Walther Flemming

The original caption reads: Some of the many divisions seen from the human cornea . It is possibly the first published representation of human chromosomes.
Walther Flemming (born April 21, 1843 in Sachsenberg near Schwerin , † August 4, 1905 in Kiel ) was a German anatomist and cell biologist. He is considered the founder of cytogenetics . He coined the terms chromatin and mitosis in 1879 .
Life
Walther Flemming was born on the Sachsenberg , a sanatorium that was not yet part of the city of Schwerin , as the fifth child of the psychiatrist Carl Friedrich Flemming (1799-1880) and his second wife Auguste Winter. He attended the Gymnasium Fridericianum Schwerin (at that time the residence of the Grand Dukes of Mecklenburg-Schwerin ), where he passed the Abitur at Easter 1862. At high school he made the acquaintance of Heinrich Seidel , with whom he had a lifelong friendship.
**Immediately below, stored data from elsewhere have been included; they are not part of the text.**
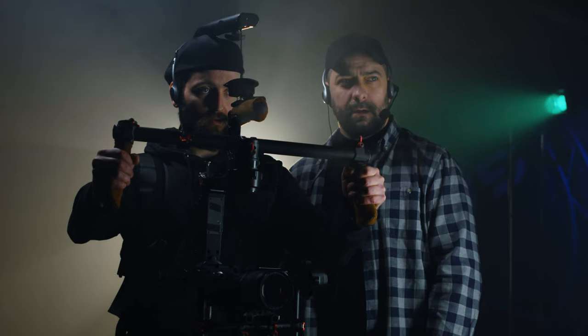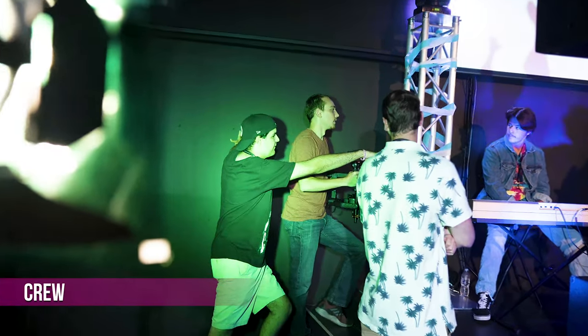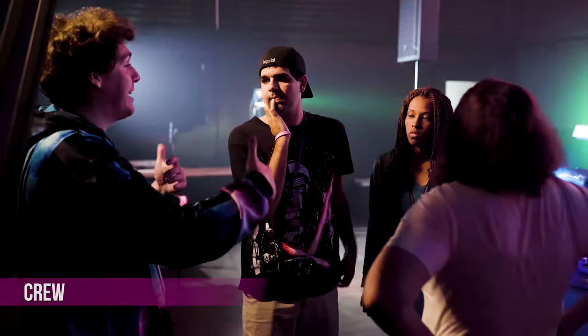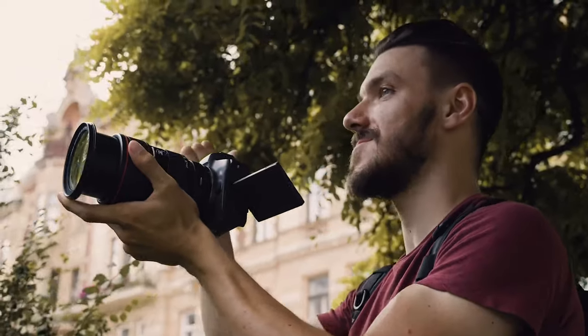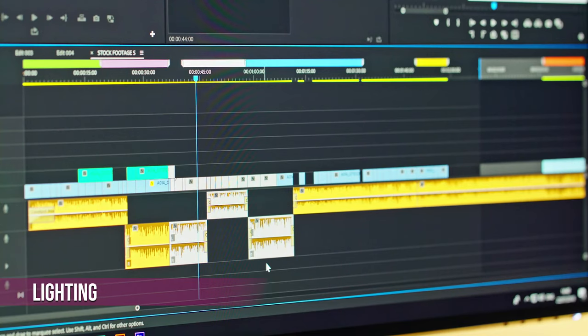Now that pre-production is taken care of, your next step is production. One of the most important things in production is your crew — you've got to have a good crew because production days can be long and hot. If you have multiple locations, you're going to have a lot of movement. Whether you're in a studio or outdoors, you really want to consider your lighting and what that's going to look like in post-production.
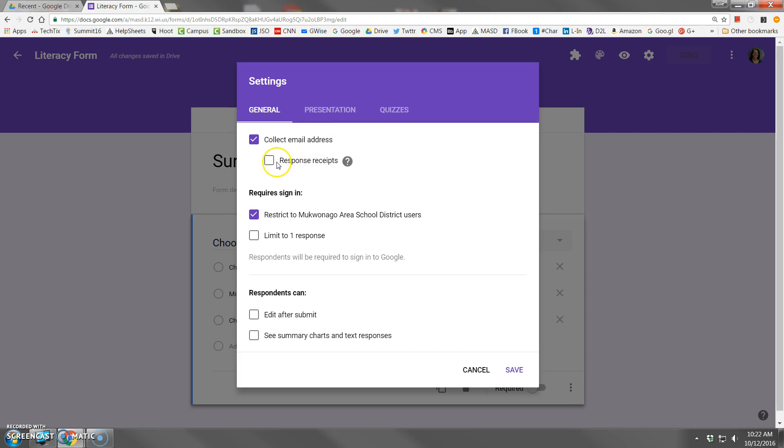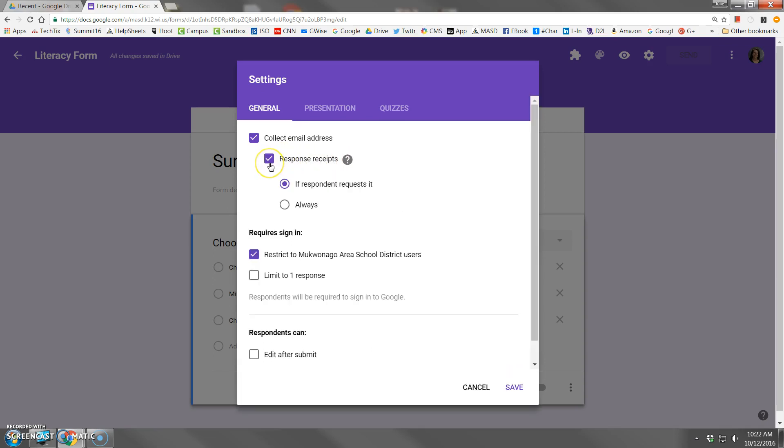The response receipts will send respondents a copy of what they answered on the form. That's kind of nice if you're having people sign up for workshops and you want them to remember what they signed up for. I'll check off response receipts, and then I tend to use always because when people see the respondent request they're not sure what that is and they might decline, so I just send them a receipt always.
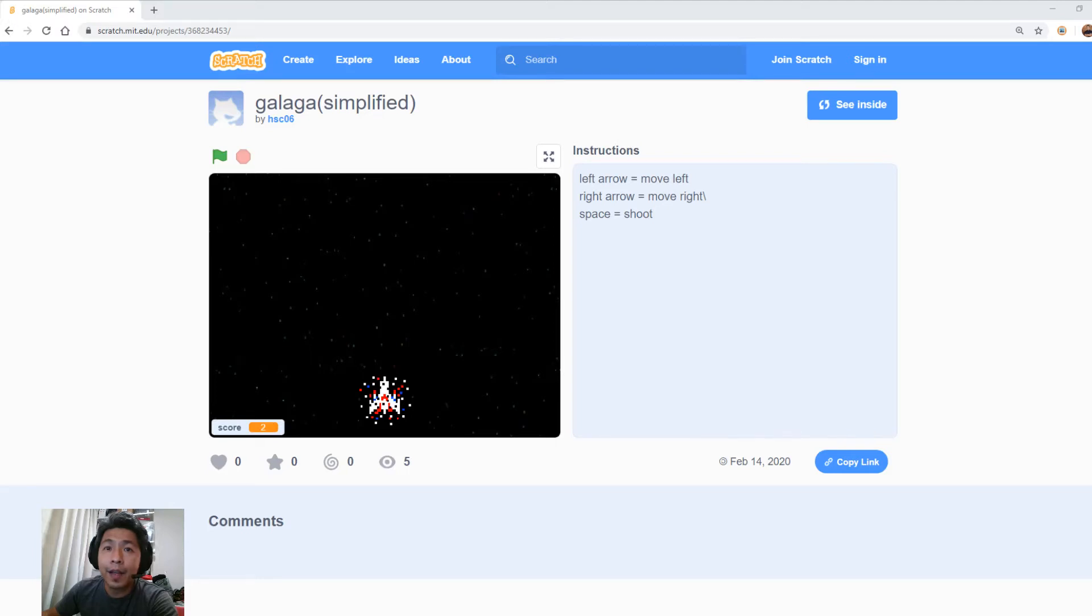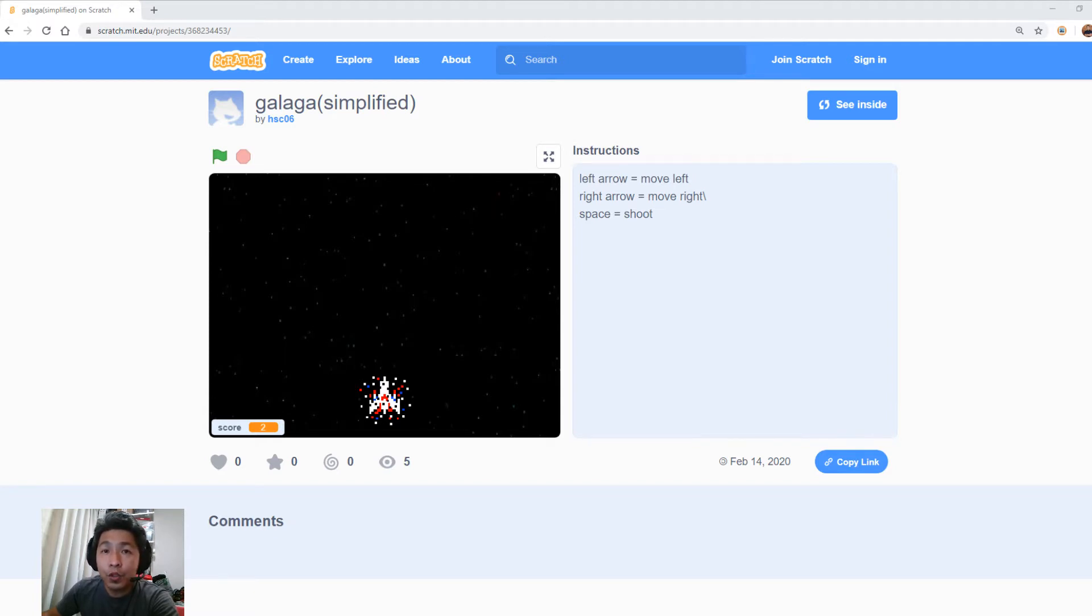Hi guys! I'm back again to review one of the games that my student has made. This game is made by Justin, he's 14 years old. He made a game called Galaga, it's a retro game. Let's give it a go!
Flemming studied medicine in Göttingen , Tübingen , Berlin and at the University of Rostock , where he passed the state examination in 1868. In Tübingen he became a member of the Germania Tübingen fraternity . In the Franco-Prussian War of 1870/71 he served as a military doctor. From 1873 to 1876 he worked as a lecturer at the (then still German-speaking) Karl Ferdinand University in Prague. After an unsuccessful application for a chair at the University of Königsberg , he was appointed to a professorship for anatomy at the University of Kiel in 1876, where he worked as director of the anatomical institute there until his death. In 1879 he was elected a member of the Leopoldina . At Kiel University, Flemming, who was described by his contemporaries as a conflict-averse and peace-loving personality and who was popular with his students due to his mildness and benevolence, had to fight a number of fights with the university administration due to the inadequate financial and staffing of the anatomical institute, which was on the duration undermined his health. He developed an unspecified neurological disease that eventually forced him to give up office prematurely. He died in Kiel at the age of 62.
plant
Flemming was one of the pioneers in microscopic cytology . Using the newly available, industrially produced aniline dyes , he found a cell structure that could be stained with basophilic dyes and which he therefore named chromatin (from ancient Greek χρῶμα, chroma = color). He discovered that chromatin was associated with thread-like structures, the chromosomes (ie "color bodies") (this name was coined in 1888 by Heinrich Wilhelm Waldeyer ). At around the same time and independently of Flemming, the Belgian scientist Édouard van Beneden made similar observations. Flemming investigated the process of cell division and division of chromatin, for which he coined the term mitosis . He published his results in 1882 in the groundbreaking work Cell Substance, Nucleus and Cell Healing . On the basis of his discoveries, Flemming formulated the principle omnis nucleus e nucleo (German: Every cell nucleus arises from a cell nucleus), in analogy to Virchow's omnis cellula e cellula (German: Every cell arises from a cell).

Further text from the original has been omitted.